PSEG Long Island trucks leave a service yard on Jan....

PSEG Long Island trucks leave a service yard on Jan. 1, 2014. Credit: Newsday / J. Conrad Williams Jr.

The Department of Public Service Monday acknowledged a "miscalculation" and said LIPA and PSEG's rate hike should be scaled back by only 37 percent compared with the department's previous recommendation of 78 percent.

DPS previously had recommended that LIPA and PSEG Long Island cut their $221 million rate request by $173.4 million to about $47.8 million. The new figures recommend that it be cut by just $53.8 million, according to a senior DPS official and new filings. That revision would leave the utilities with a rate increase totaling about $167.4 million.

Part of the problem was that the DPS review looked only at the roughly $72 million in increases the utilities planned to charge each year, rather than the cumulative total with prior-year increases.

The new figures take into account the cumulative $441 million total new revenue that PSEG and LIPA plan to collect in rates over the three years. On a cumulative basis, DPS staff is recommending that the utilities' $441 million total revenue request be reduced to $275.8 million, a cut of $165.2 million.

The revision is a blow to the first-ever rate review by the DPS Long Island office, and will likely mean that customers will pay closer to the nearly 4 percent delivery rate hike that the utilities are requesting. Hearings on the rate request will take place later this month, and LIPA trustees are scheduled to vote on it by year's end.

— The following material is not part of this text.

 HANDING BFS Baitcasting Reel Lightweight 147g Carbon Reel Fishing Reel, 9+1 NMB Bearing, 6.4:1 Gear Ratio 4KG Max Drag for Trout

The department in testimony cited a "mechanical miscalculation" and two other errors that caused an understatement of $124.3 million in the revenue requirement.

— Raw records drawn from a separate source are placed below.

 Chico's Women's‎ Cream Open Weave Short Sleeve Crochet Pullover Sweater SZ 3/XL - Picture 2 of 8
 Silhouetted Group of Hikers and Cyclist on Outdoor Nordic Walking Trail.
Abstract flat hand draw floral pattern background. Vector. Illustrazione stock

In a letter Monday to administrative law judges overseeing the matter, DPS attorney Guy Mazza cited "variances" in three separate categories the department reviewed related to issues including interest on LIPA variable-rate debt, contingent "swap" interest payments and interest-based earnings.

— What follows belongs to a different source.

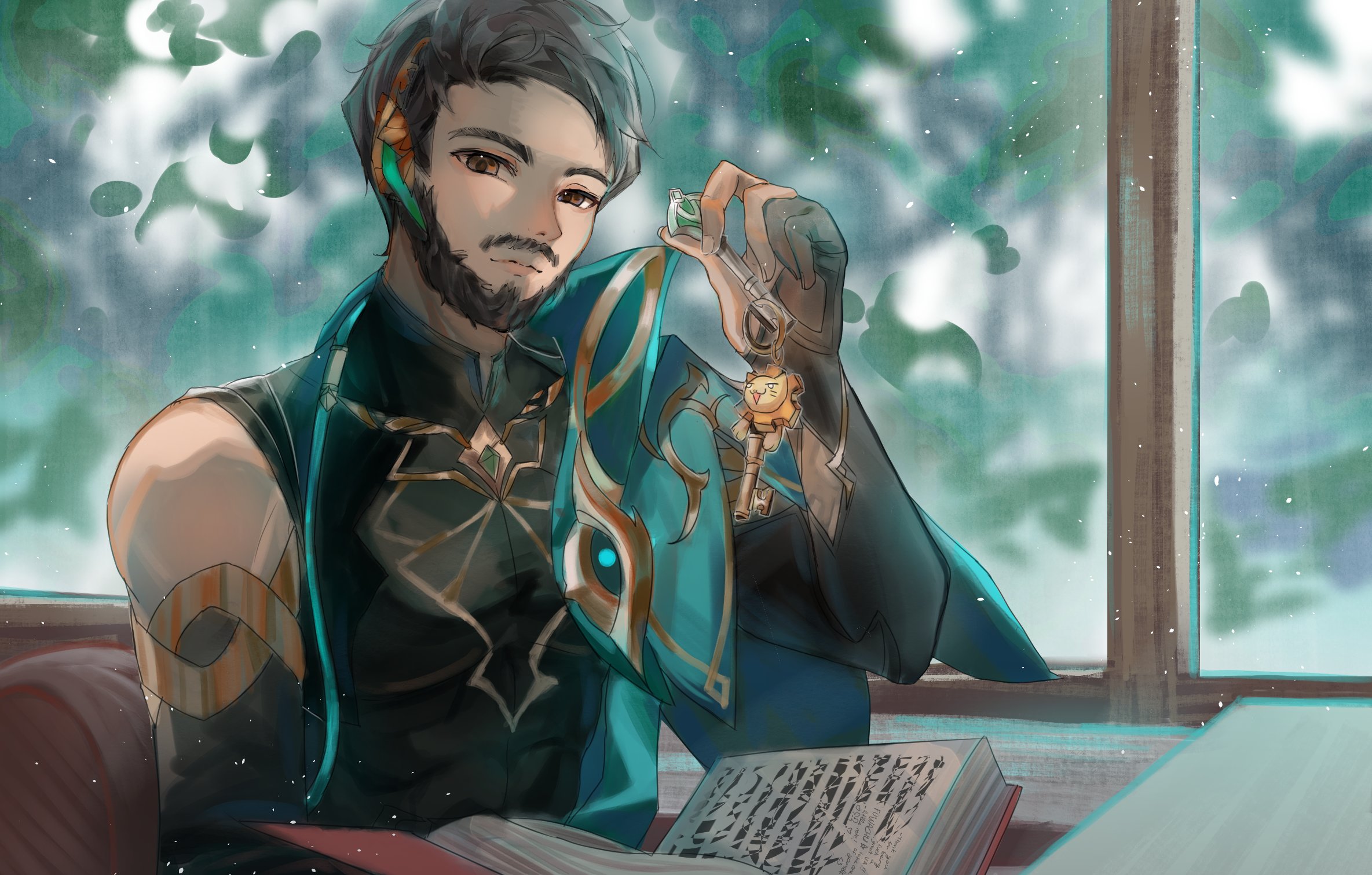 kanako (fuwachu), alhaitham (genshin impact), genshin impact, real life, commentary, english commentary, highres, 1boy, animification, beard, black gloves, black shirt, blurry, blurry foreground, book, brown eyes, cape, chest jewel, closed mouth, compression shirt, detached sleeves, facial hair, fingernails, gem, gloves, gold trim, green cape, green gemstone, hair ornament, hand up, holding, holding key, key, light particles, long sleeves, looking at viewer, male focus, mustache, nazeeh tarsha, open book, partially fingerless gloves, pectorals, shirt, short hair, side cape, sitting, solo, table, tan, thick eyebrows, voice actor, voice actor connection, window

The letter noted the "complex" nature of the rate case, which has been condensed into an unusually short period of less than a year.

But Assemb. Fred Thiele (I-Sag Harbor), who voted against the LIPA Reform Act, said he found "an error of that order of magnitude to be very, very disturbing. The consumers and public are supposed to be able to rely on them."

Brookhaven Supervisor Edward P. Romaine, who has requested that state Comptroller Thomas DiNapoli audit the rate request, said the miscalculation gives "more weight" to his request.

"An error of this magnitude calls for an independent auditor to come in and do an outside review," Romaine said.

But Assemb. Steve Englebright (D-Setauket), who voted for Gov. Andrew M. Cuomo's LIPA Reform Act, was more forgiving.

"The process of arriving at a precise determination on rates involves good faith efforts on the part of both of the agencies," he said of DPS and LIPA. "To have corrections is a sign of a healthy process."

Before the LIPA Reform Act, rate requests of 2.5 percent or greater would have required a full review by DPS to be voted on by the state Public Service Commission.

PSEG said in a statement that it "will carefully review the revised testimony reflecting the updated revenue requirements submitted by the DPS today and will formally respond on June 10."

LIPA review timeline

July 29, 2013: Gov. Andrew M. Cuomo signs his LIPA Reform Act into law, creating a Long Island office of the state Department of Public Service.

Jan. 30, 2015: LIPA and PSEG file their rate request, asking for $221 million in new revenue for 2016-18.

May 14: Department of Public Service files rebuttal to LIPA and PSEG request, saying it should be cut by 78 percent to about $47.8 million.

June 8: DPS revises testimony, saying LIPA and PSEG request should be cut by just 37 percent, to $167.4 million.